SOURCE RECORDS
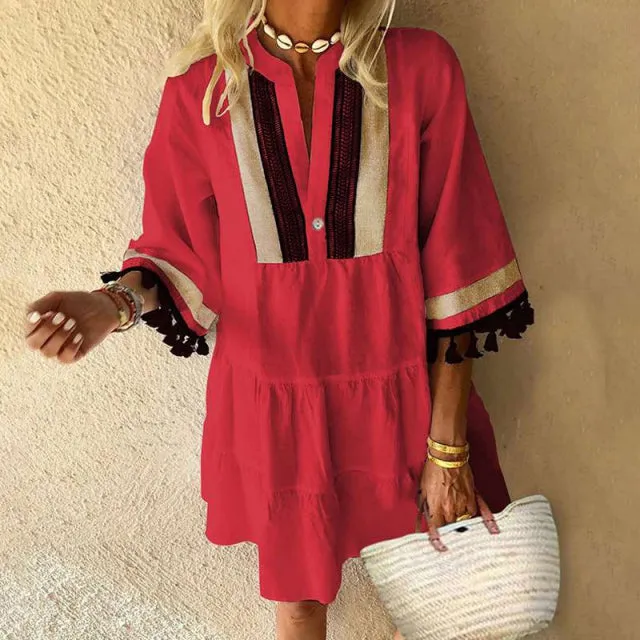 'Dayana' Dress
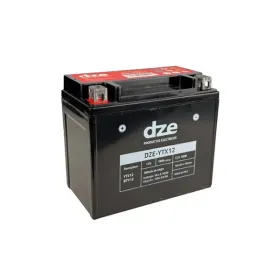 DZE YTX12 12V 10Ah 180A 150x87x105 Gel Battery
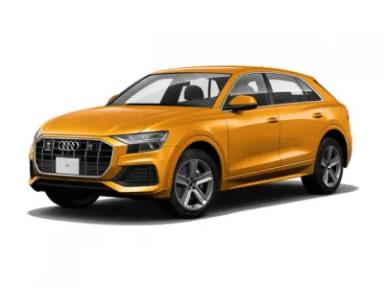 Q8の車買取相場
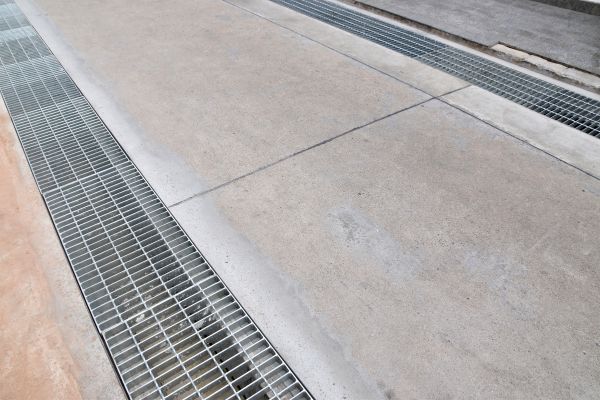 Cost of Driveway Runoff Control in Hopkins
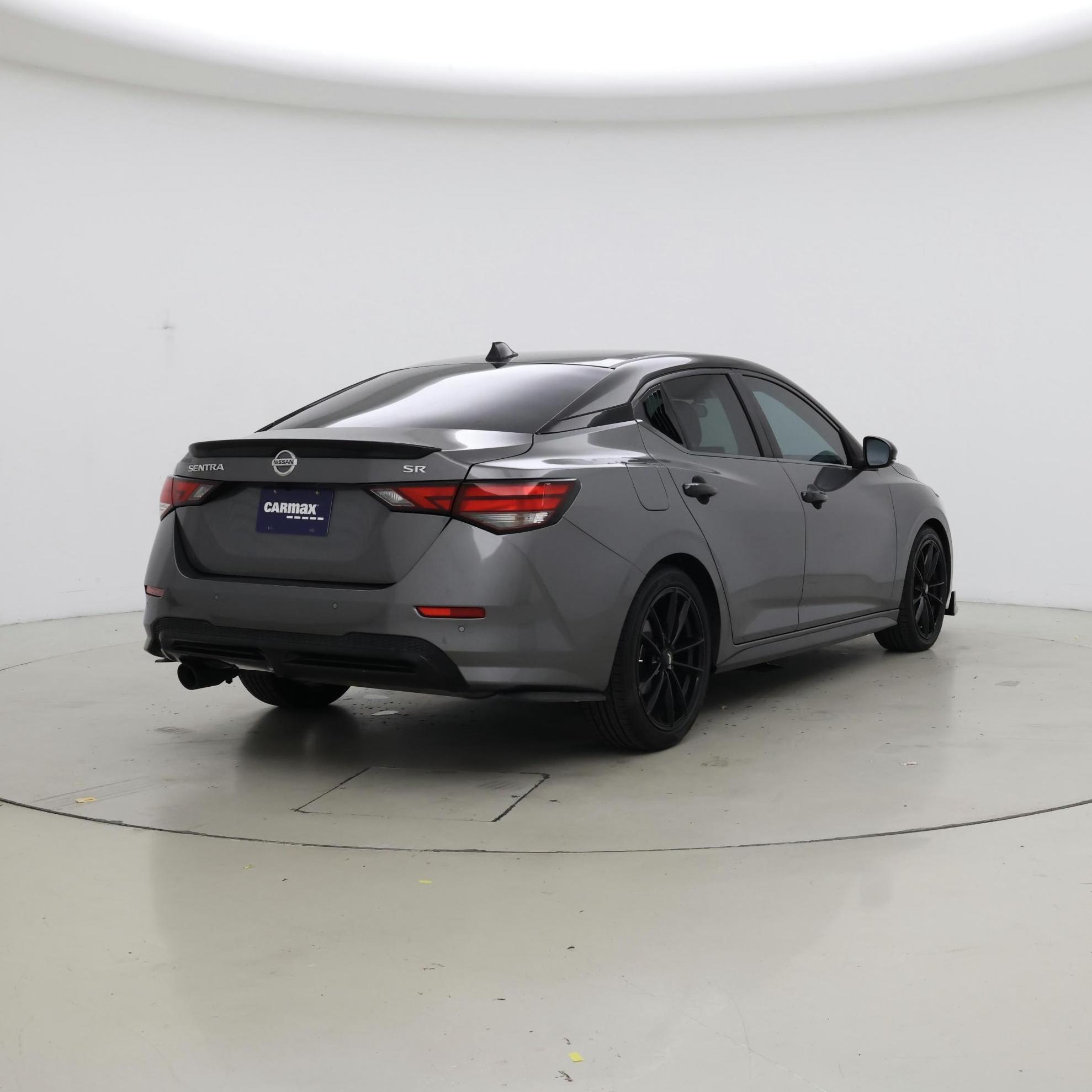 Thumbnail: 2021 Nissan Sentra - 8
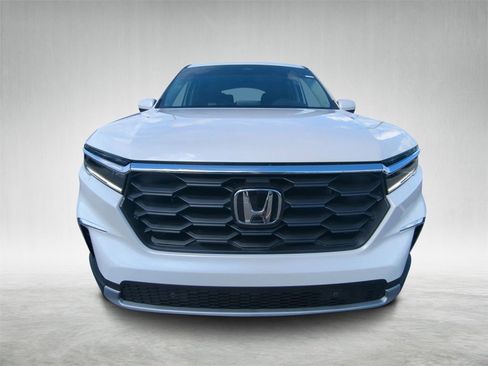 New 2025 Honda Pilot EX-L image 8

WHAT YOU HAVE TO DO
Without the pictures, repeat every record above exactly as written.

WRITTEN SOLUTION
 'Dayana' Dress
 DZE YTX12 12V 10Ah 180A 150x87x105 Gel Battery
 Q8の車買取相場
 Cost of Driveway Runoff Control in Hopkins
 Thumbnail: 2021 Nissan Sentra - 8
 New 2025 Honda Pilot EX-L image 8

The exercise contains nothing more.